Interpretable Early Warnings using Machine Learning in an Online Game-experiment
Guillaume Falmagne, Anna B. Stephenson, Simon A. Levin
TL;DR
This work addresses the challenge of forecasting regime shifts in a large-scale online social system by building an interpretable, data-driven early-warning framework. It uses gradient-boosted decision trees trained on system-specific time-series with a $7\text{h}$ memory and interprets predictions via SHAP to reveal underlying drivers of transitions in Reddit's $r/place$ canvases. The model achieves a ROC AUC of $0.833$ and detects about half of incoming transitions within $20$ minutes at a false-positive rate of $3.7\%$, with robust generalization to the 2023 event (AUC around $0.69$ for a $6$-hour horizon).

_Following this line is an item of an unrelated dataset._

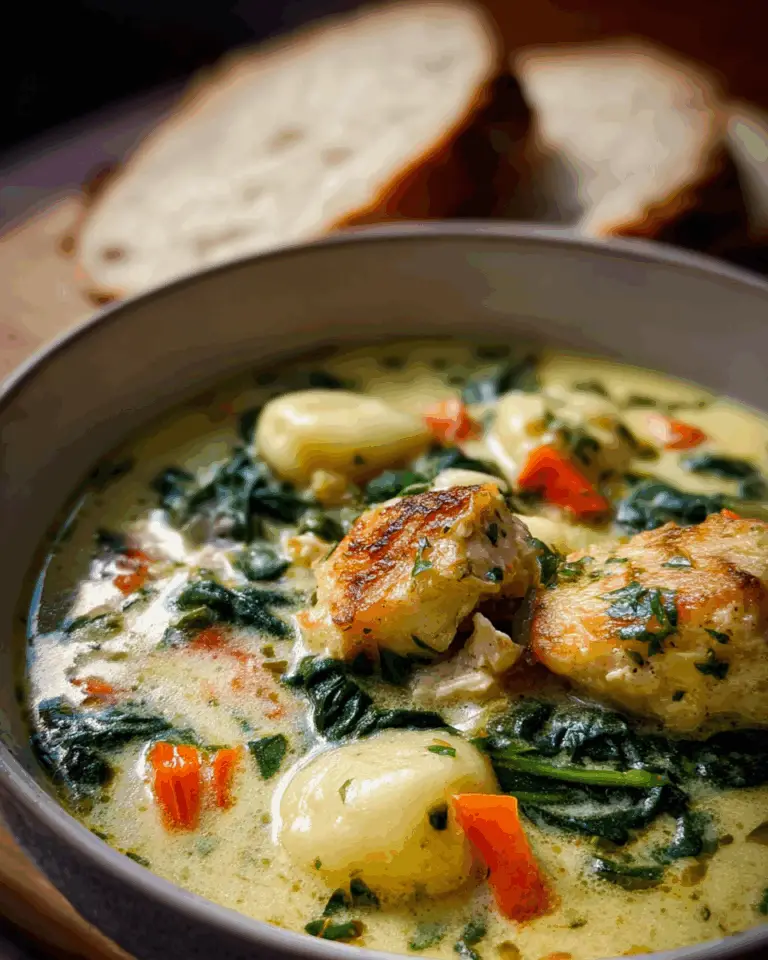The Best Olive Garden Chicken Gnocchi Soup Recipe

SHAP-based analysis uncovers 12 pre-transition behavioral patterns, including aspects of critical slowing down, innovation, and coordination, offering human-readable warnings that could inform monitoring in socio-ecological systems and other dense, high-dimensional domains.
Abstract
Stemming from physics and later applied to other fields such as ecology, the theory of critical transitions suggests that some regime shifts are preceded by statistical early warning signals. Reddit's r/place experiment, a large-scale social game, provides a unique opportunity to test these signals consistently across thousands of subsystems undergoing critical transitions. In r/place, millions of users collaboratively created compositions, or pixel-art drawings, in which transitions occur when one composition rapidly replaces another. We develop a machine-learning-based early warning system that combines the predictive power of multiple system-specific time series via gradient-boosted decision trees with memory-retaining features. Our method significantly outperforms standard early warning indicators. Trained on the 2022 r/place data, our algorithm detects half of the transitions occurring within 20 minutes at a false positive rate of just 3.7%. Its performance remains robust when tested on the 2023 r/place event, demonstrating generalizability across different contexts. Using SHapley Additive exPlanations (SHAP) for interpreting the predictions, we investigate the underlying drivers of warnings, which could be relevant to other complex systems, especially online social systems. We reveal an interplay of patterns preceding transitions, such as critical slowing down or speeding up, a lack of innovation or coordination, turbulent histories, and a lack of image complexity. These findings show the potential of machine learning indicators in socio-ecological systems for predicting regime shifts and understanding their dynamics.